I hung a straight edge with tape and kept it on the roof, so I could quickly drop it down for status checks. The door got nailed pretty good. The skin was bent profiling the side intrusion bar inside the door. This created a horizontal line on the skin, which I found it quite a challenge to get out, as access behind the intrusion (crash) bar was a bit difficult.



All finished. It will only need a skim coat of filler now.


Then moved to the rear and straightened out the rear valence.

Then to the LR to address the caved in rear quarter.












Another hour or so and I should have the LR buttoned up. I'll get on it again in the morning.
Last edited by robborruso
I didn't know "likes" were a thing here Garth...??? LOL... But..I'll take it.. Yeah Baby!

Today I took on the LF fender. There were two areas of concern (aka derby damage ;-). The area where the Ghia badge mounts had been bent badly enough that the metal was stretched out. The previous repair guy simply popped the dent inward and filled it with a half gallon of body filler. The other area was the front side of the wheel arch was cave inward.

I tried to shrink the metal with a shrinking hammer, while it was much better, it didn't quite get there. It still oil canned badly and was still proud to the needed profile. So I used a quenching trick. I heated up the high spot, quickly hammered the area while dolly backing it, then quenched it with water. Only doing this once achieved the desired result. Then, I was able to hammer work it to the desired profile.

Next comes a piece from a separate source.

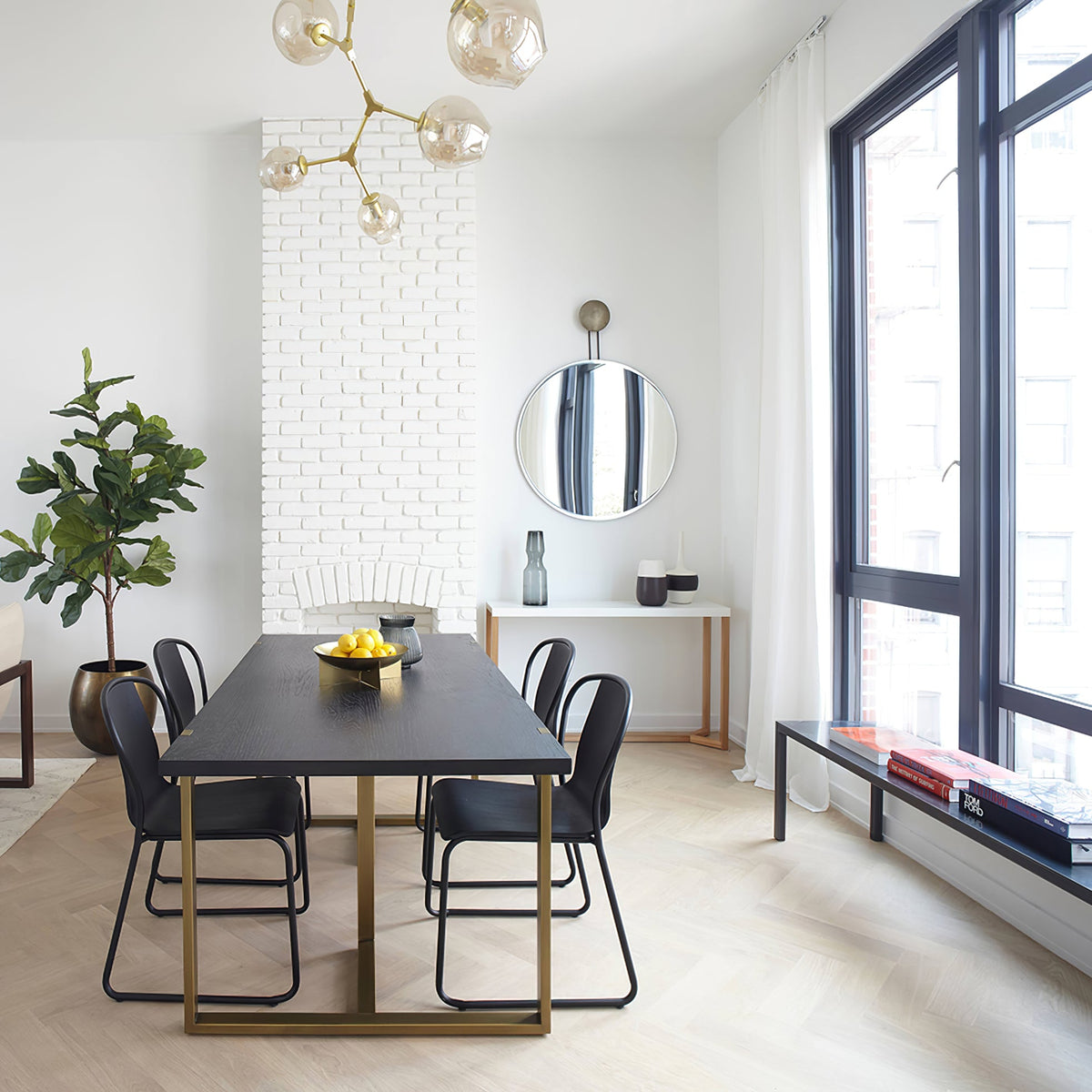 Clérachic chandelier with gold arms and amber glass globes in a tall dining room with a white brick chimney breast and black windows.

Again, I tried my best to show before/after shots...but it was difficult to capture the true essence of the issue. Hopefully it worked... The arrow shows the high/oil canning spot.

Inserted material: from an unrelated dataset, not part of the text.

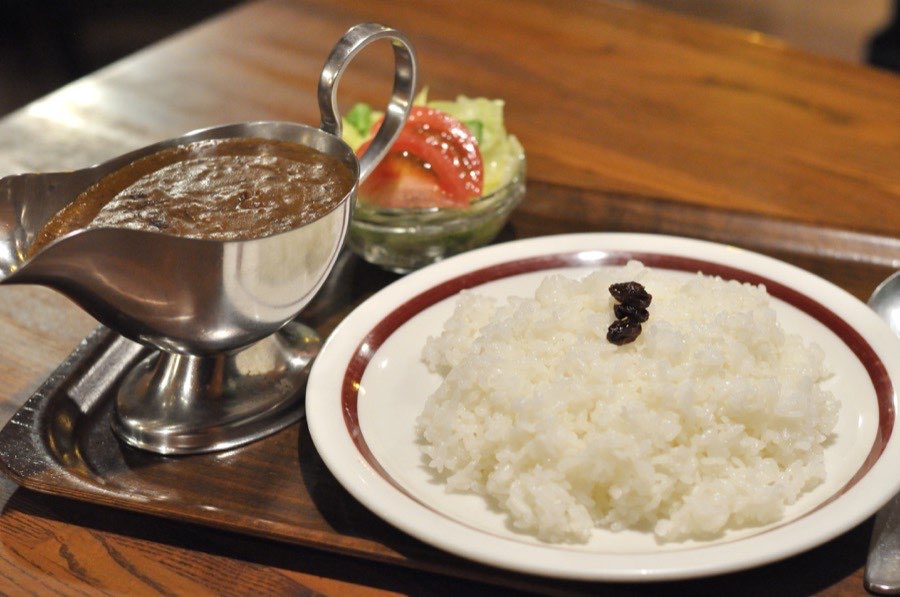 Rice and curry laid out on the long table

With that addressed, I moved to the wheel opening.









And that'll do it for today....
Thanks Rob for posting the pictures and step-by-step explanation of your progress. I find it all very interesting as I know nothing about body work and this is a great way for me to learn a little something about it Smiler

Plus it's fun to witness progress on a car I almost bought from you last year Wink - I'm happy the car remains in your hands for a proper restoration.

Cheers & Happy Holidays!
Tim, glad you're finding the posts useful. And, especially glad I didn't sell her.. Big Grin

OK, so managed to get a couple days of work in over the holidays...

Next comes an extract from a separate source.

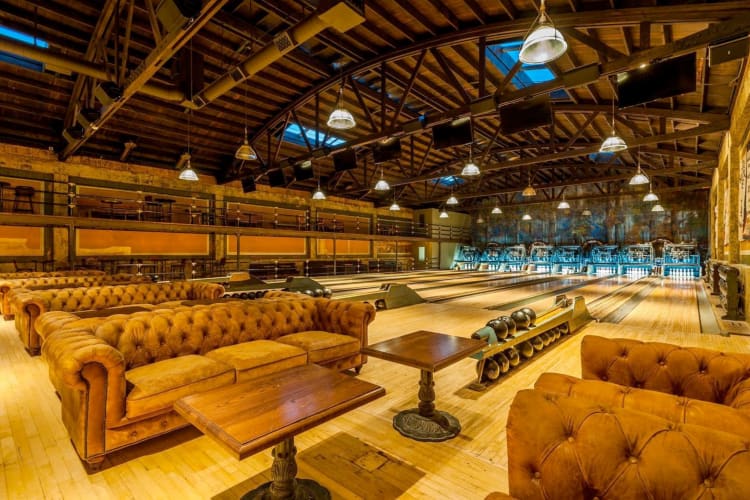 An upscale bowling alley with leather couches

Found a good size dent under a bit of bondo on the front valence.....


I couldn't manage to swing a hammer inside the valance any way or in any direction I tried.. so ended up using a round tip air chisel to help massage the dent out from the inside.


Skim coat...sand...skim coat sand... Wow...I'm out of shape. Eeker






Fill coats/sanding done on all but the hood. I've lost 3 lbs and gained a bit of muscle tone back from years back Wink










With any luck, I'll have the hood knocked out next weekend. It has some ripples in it due to ...wait for it... accident damage (imagine that!). The filler won't be thick, but I'm going to have to put a skim over a good portion of the hood due to some waves/ripples. Such a large area is a challenge, so I can't rush it. I use a long firm board for sanding to ensure no ripples when done. If I can get it done, then I'll shoot the primer.
so..getting the hood to my liking was admittedly a challenge. I think I put half a gallon a filler on the floor in the form of dust by the time it was all said and done. Very interested to see if I nailed it. Unfortunately, won't really know for sure until it has clear coat on it.

Prepped and ready...




Primer sealer applied...




Not sure if I will wet sand it or leave it as sprayed at the moment. Either way, the plan is for her to wear this "grunge" look until I do the full restoration. At that time, she'll go back to original red.
Hi Michael,
Thanks man.
To be totally honest... black was chosen so I could drive it like this. Big Grin
I've only seen this epoxy primer in gray or black. I had no interest in driving it in gray primer...so black it is. Plus, I used up the old stuff from 4042 before I cracked a new can. I do believe it will give a darker depth to the red once done, but I can't claim that was my primary reason.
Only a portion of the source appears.